[Extracted records — start]

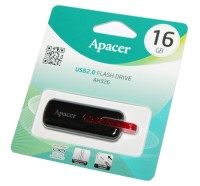 USB Флеш накопитель 16Gb Apacer AH326 Black AP16GAH326B-1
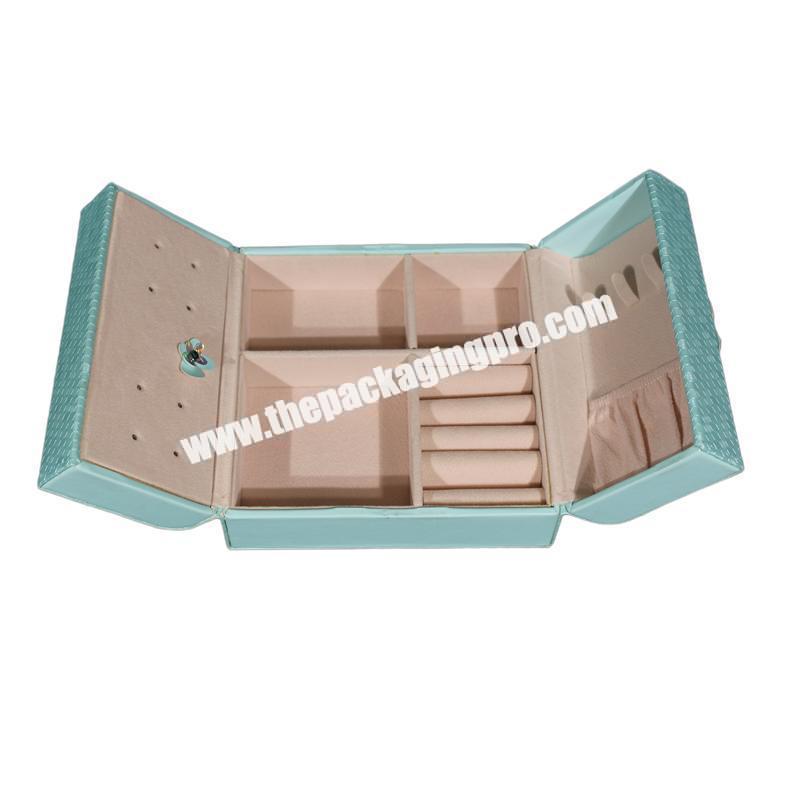 China High-end Custom Luxury Jewelry Watch Glasses Leather Storage Box Manufacturer Price Good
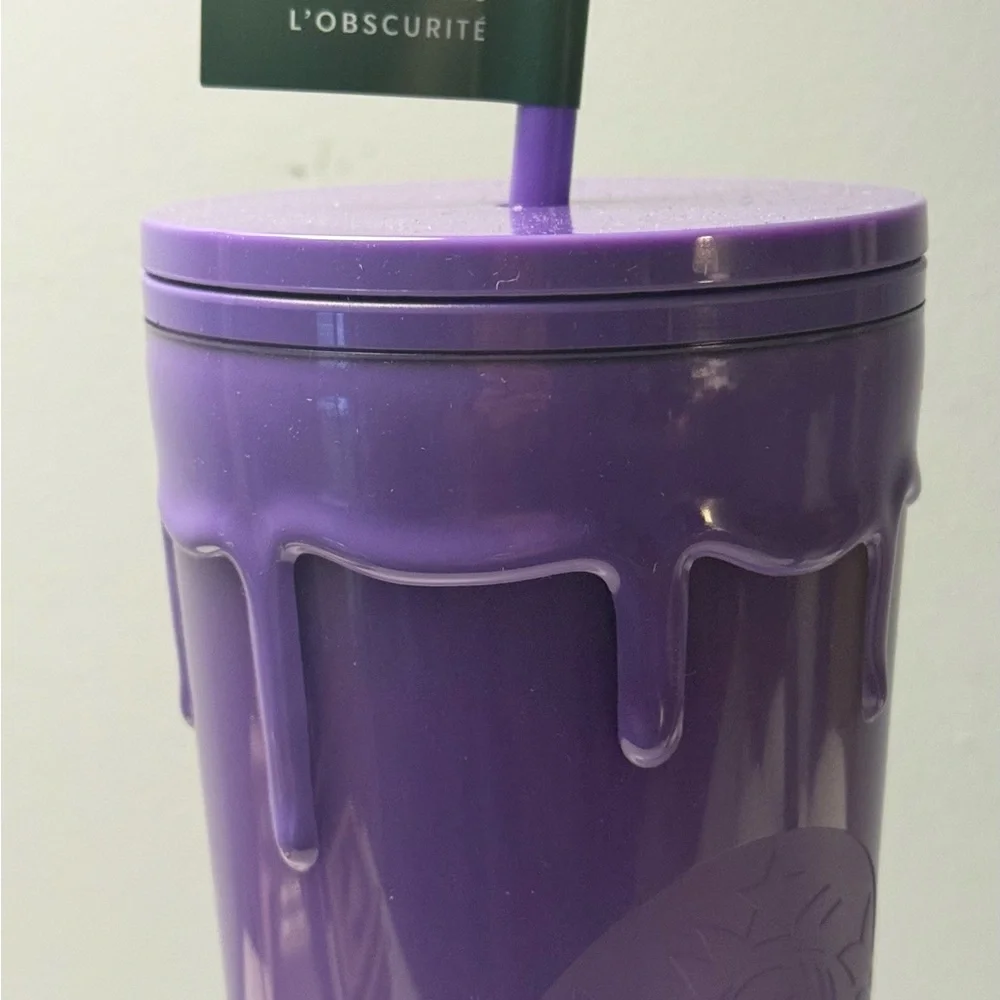 NWT, Starbucks 2025 Halloween Purple Slime, Glow in the Dark Tumbler - Picture 2 of 3
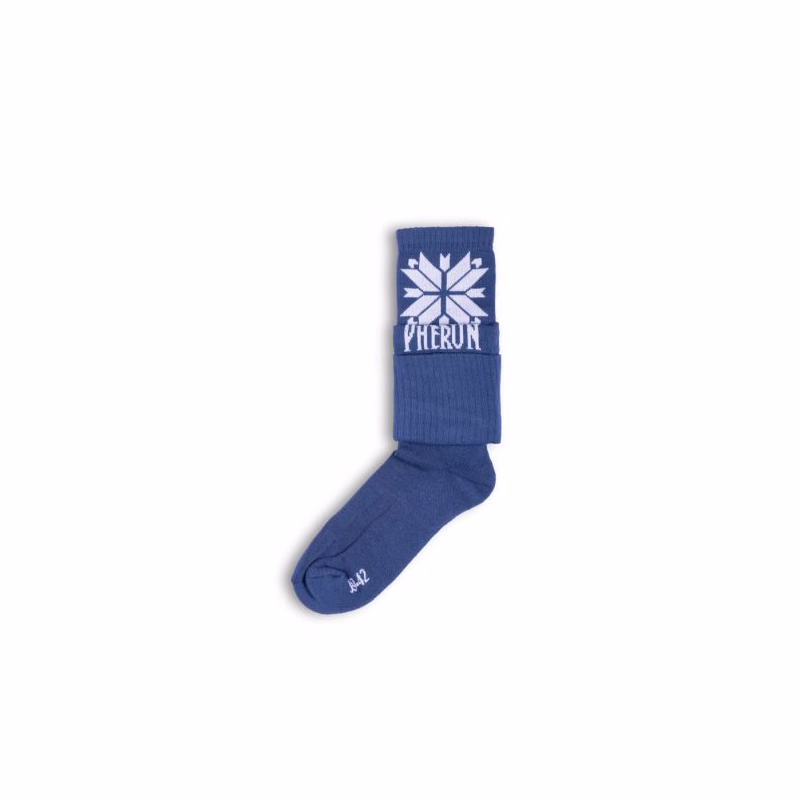 Turistické ponožky PHERUN Jeans Blue Retro 39-42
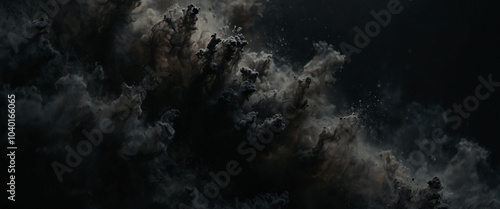 Black abstract background, banner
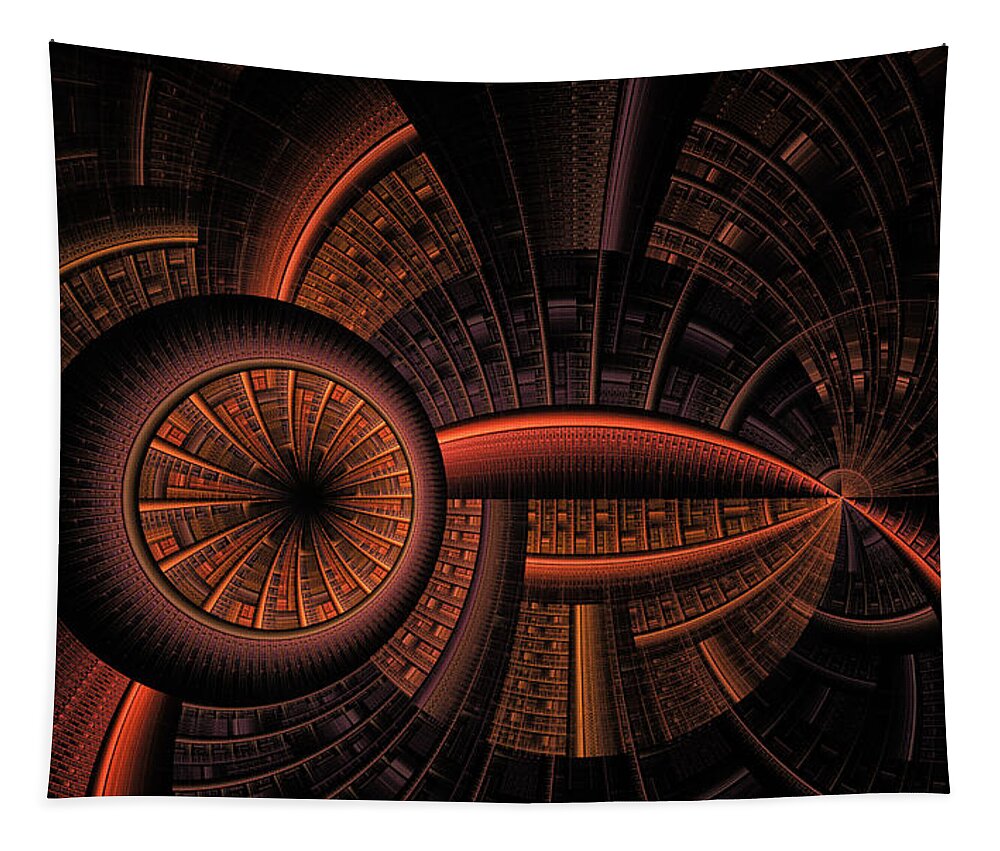 Fractal Tapestry featuring the digital art Inner Core by Gary Blackman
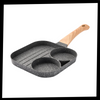 Premium Nonstick Frying Pan With Split Design For Quick Multi Dish Cooking
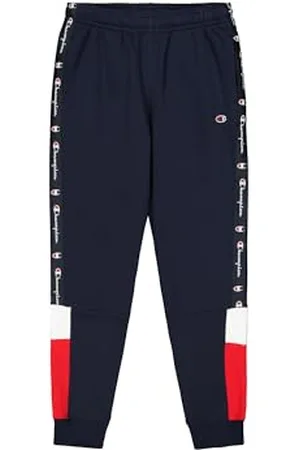 Champion Legacy Retro Sport (220335) -Soft Compact Poly Fleece Rib Cuff Pantaloni da Tuta, (NNY/CRD/Wht), XS Uomo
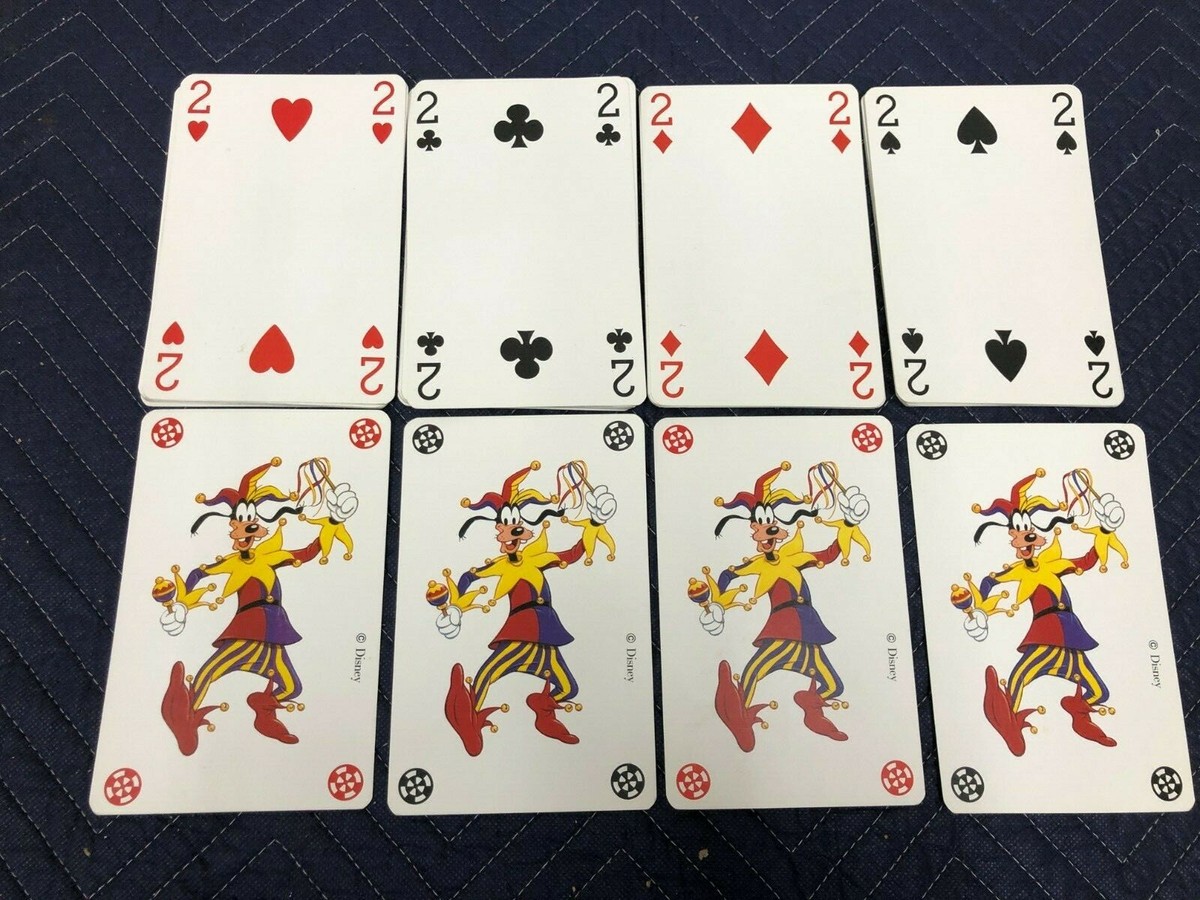 DISNEYLAND PARIS PLAYING CARDS * GREAT CONDITION * LARGE DISNEYLAND PARIS PLAYING CARDS * GREAT CONDITION * LARGE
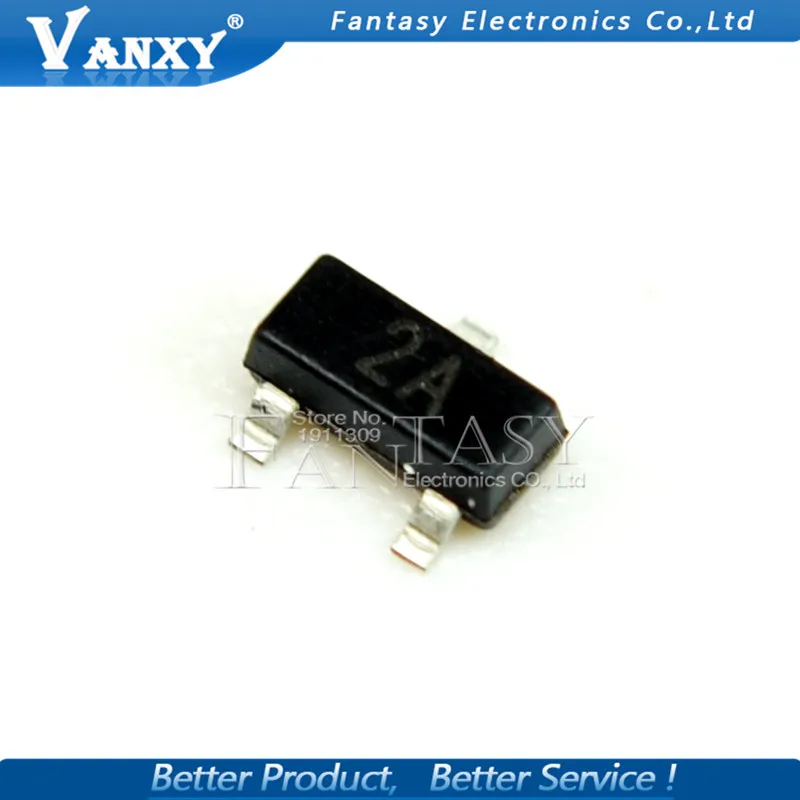 100 шт. MMBT3906 2A 3906 MMBT3906LT1G 2N3906 200mA 40V SOT 23 PNP SMD Triod транзистор новый и оригинальный|transistor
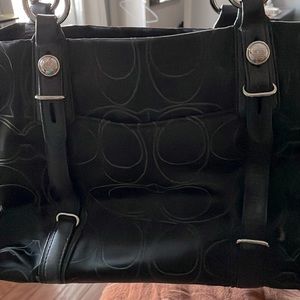 Used Coach bag, black, no tips, no stains and serial number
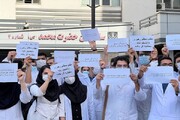 هفتمین روز تجمع کارورزان علوم پزشکی ایران/ ماجرای اعتراض دانشجویان چیست؟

[Extracted records — finish]

▸ What you need to do:
If a picture sits between the line containing "LARGE DISNEYLAND PARIS" and the line containing "100 шт. MMBT3906", leave it out, and return the lines of that range above exactly, both ends included.

▸ Solution:
 DISNEYLAND PARIS PLAYING CARDS * GREAT CONDITION * LARGE DISNEYLAND PARIS PLAYING CARDS * GREAT CONDITION * LARGE
 100 шт. MMBT3906 2A 3906 MMBT3906LT1G 2N3906 200mA 40V SOT 23 PNP SMD Triod транзистор новый и оригинальный|transistor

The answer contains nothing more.